A historiadora e psicanalista francesa Élisabeth Roudinesco. / Léa Crespi
Intelectual francesa, renomada especialista em psicanálise, assina biografia do psiquiatra
Para escrever esse monumental volume com ares de biografia
definitiva, Élisabeth Roudinesco (Paris, 1944) não quis acreditar “nem
na lenda negra, nem na dourada”. Sigmund Freud en Son Temps et Dans le Nôtre
(Sigmund Freud no seu tempo e no nosso, inédito no Brasil) parte da
vontade de invalidar as condenações mais injustas, aquelas que costumam
representar o pai da subjetividade moderna como um simples enganador,
mas também de se contrapor às biografias de tom hagiográfico consagradas
a esse personagem eternamente polêmico. Discípula de Deleuze, Foucault e
Todorov, ex-integrante da Escola Freudiana fundada por Lacan e grande
especialista na história da psicanálise, Roudinesco narra a vida de Freud
como se fosse um palpitante romance ambientado na Viena da belle
époque, avançando até seu exílio (e morte) em Londres nos primórdios da II Guerra Mundial.

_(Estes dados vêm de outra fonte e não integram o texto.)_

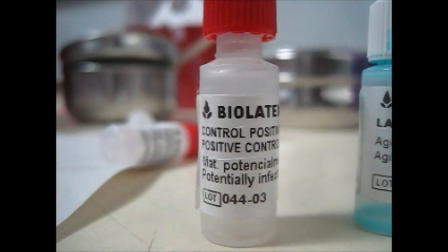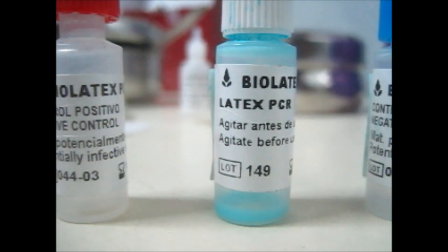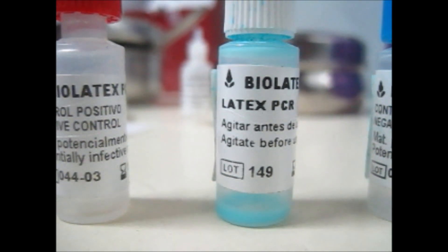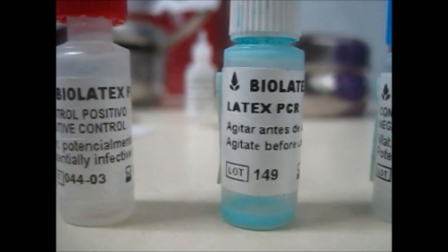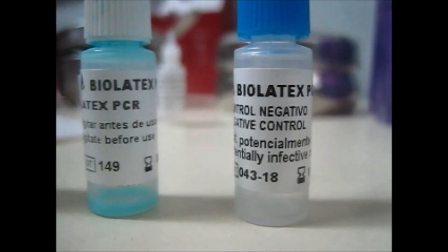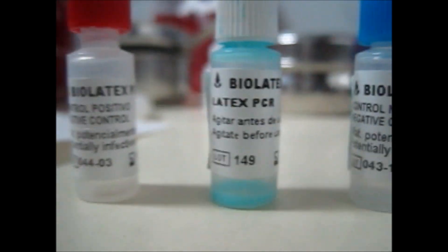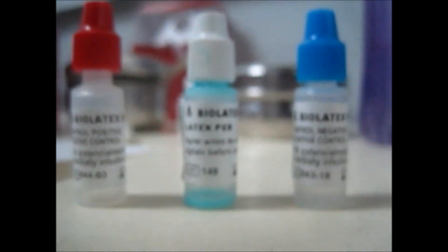Hi friends, today we're going to tell you how to check for C-reactive protein. Here we take three vials: the first one containing the positive control, the middle one having the latex PCR, and the third one having the negative control.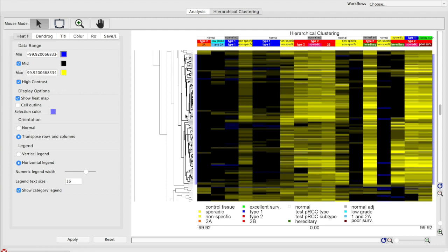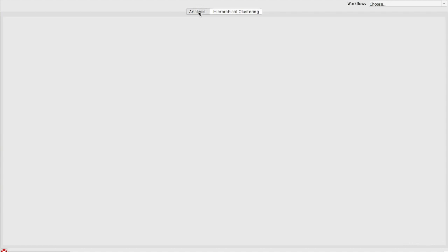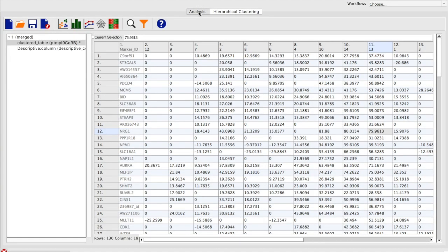So in order to analyze this, what we're going to have to do is get some fold change information for these 130 genes. And to do that, we're going to go back to our Analysis tab. Given down below are the 130 genes that we isolated in our cluster, along with the normalized fold change for each one of the 17 different comparisons in our meta-analysis.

No centro dessa paisagem, a autora situa um homem que cometeu erros e
enfrentou mil contradições, mas conseguiu criar uma doutrina “a meio
caminho entre o saber racional e o pensamento selvagem, entre a medicina
da alma e a técnica da confissão”, com a qual conseguiu transformar os
mortais em heróis de tragédia grega.
Pergunta. Sua biografia aspira a desenhar um retrato
justo e equânime de Freud. A senhora a escreveu em reação aos ataques
dos últimos anos contra o personagem?
Resposta.. O livro surge da necessidade de repensar o
personagem. A última biografia séria sobre Freud, assinada por Peter
Gay, saiu há 25 anos. Desde então, quase tudo o que se publicou foram
condenações inflamadas a extremos inverossímeis, assinadas por
personagens que, na verdade, não conheciam sua história. Como ocorre
frequentemente com os personagens polêmicos, Freud acabou se tornando
uma caricatura de si mesmo, envolto em numerosos rumores e mentiras.
Achei que tinha chegado a hora de voltar a um equilíbrio.
P. No livro, a senhora escreve, por exemplo, que ele
não foi “um burguês libidinoso, adepto dos bordéis e da masturbação”,
como já se disse tantas vezes. De onde surgem esses mal-entendidos?
R. Em se tratando do fundador de uma doutrina sobre a
sexualidade, achei imprescindível saber como havia sido sua vida
sexual. Percebi que havia livros inteiros sobre dezenas de lendas das
quais não há prova alguma. Quis deixar claro que nada demonstra que ele
foi um homem incestuoso, nem de tendência fascista, nem um usurário que
cobrava o equivalente a 450 euros por sessão, e que nem engravidou a
cunhada nem abandonou suas irmãs aos nazistas. Tampouco foi um homem
misógino, embora às vezes paternalista, sim.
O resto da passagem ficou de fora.